▶ The input
Segment Open

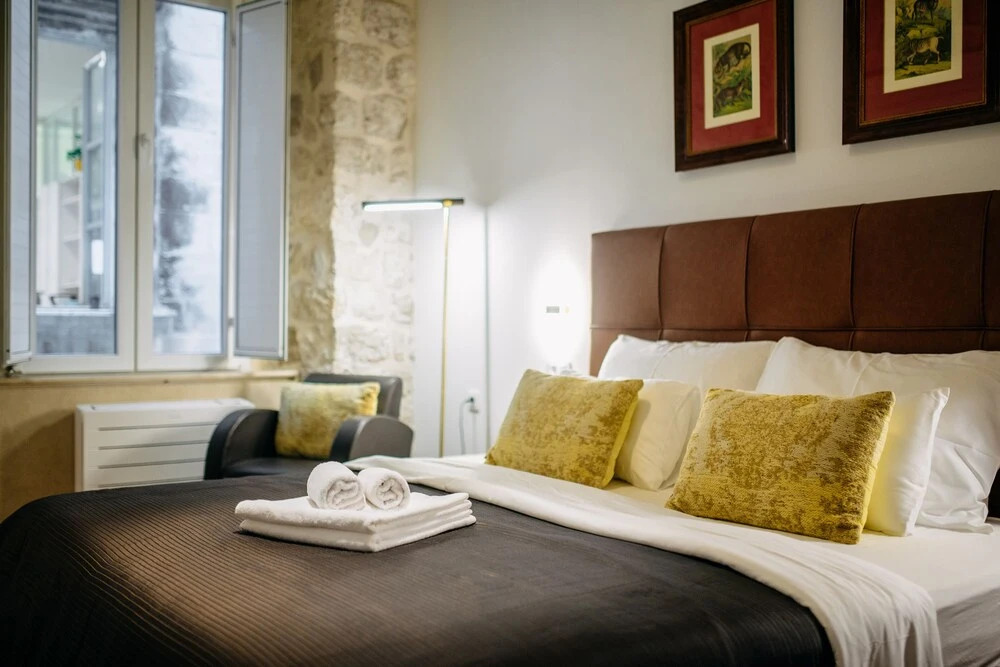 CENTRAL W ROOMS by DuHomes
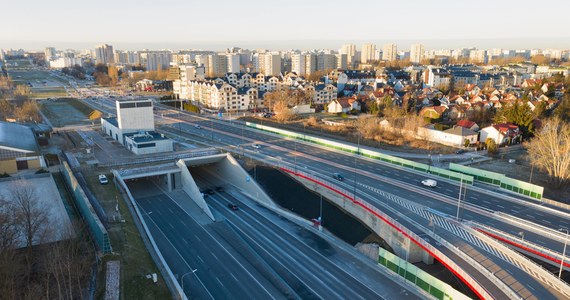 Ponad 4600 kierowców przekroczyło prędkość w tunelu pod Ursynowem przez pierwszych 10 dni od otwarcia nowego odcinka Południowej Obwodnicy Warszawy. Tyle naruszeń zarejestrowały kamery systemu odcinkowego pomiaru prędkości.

Segment Closed
Segment Open

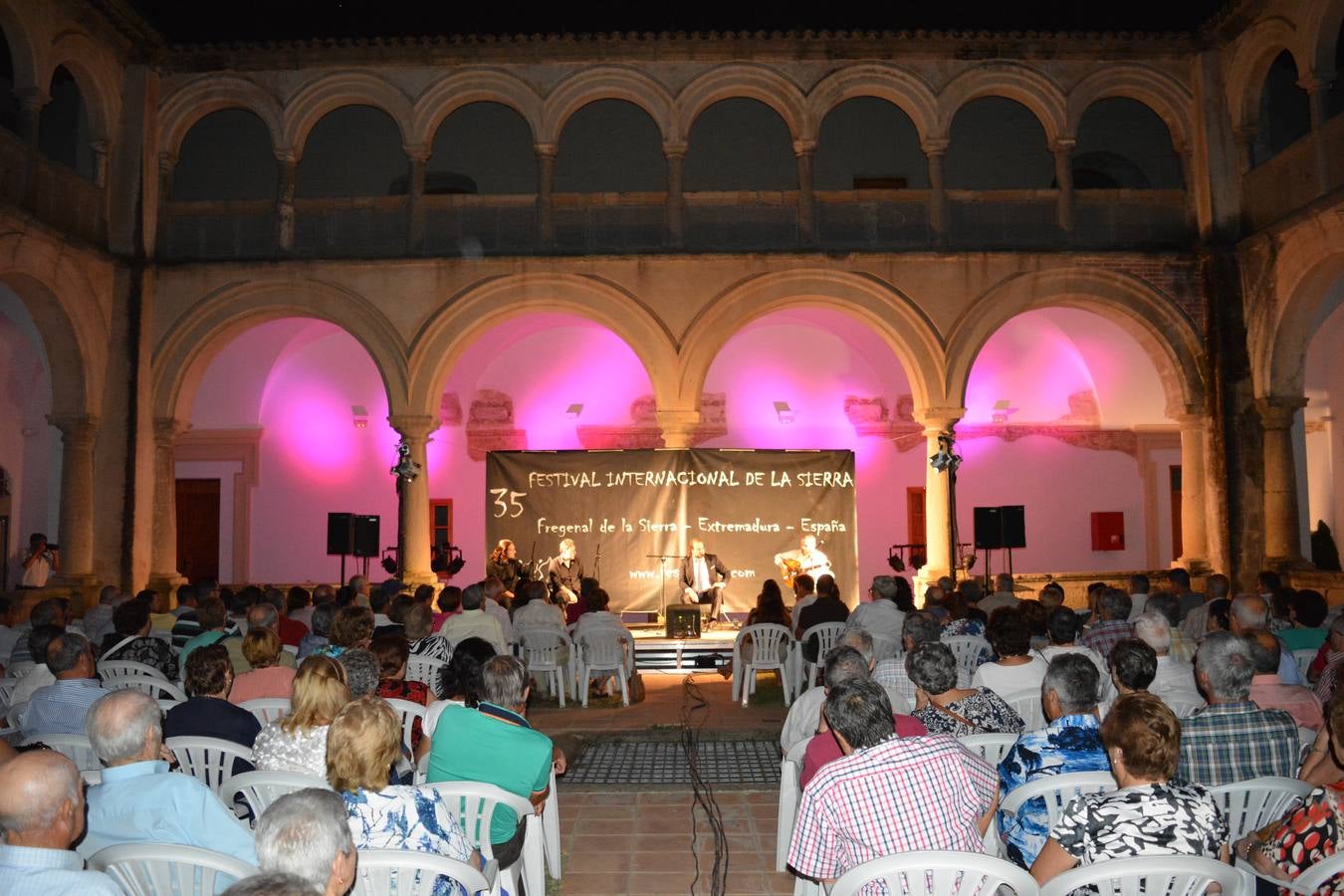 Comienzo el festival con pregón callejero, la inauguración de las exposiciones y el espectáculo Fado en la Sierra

Segment Closed

▶ Work required
Taking the records above, print only and exactly the lines from the line with "CENTRAL W ROOMS by DuHomes" to the line with "Ponad 4600 kierowców", both kept, and exclude pictures.

▶ Result below
 CENTRAL W ROOMS by DuHomes
 Ponad 4600 kierowców przekroczyło prędkość w tunelu pod Ursynowem przez pierwszych 10 dni od otwarcia nowego odcinka Południowej Obwodnicy Warszawy. Tyle naruszeń zarejestrowały kamery systemu odcinkowego pomiaru prędkości.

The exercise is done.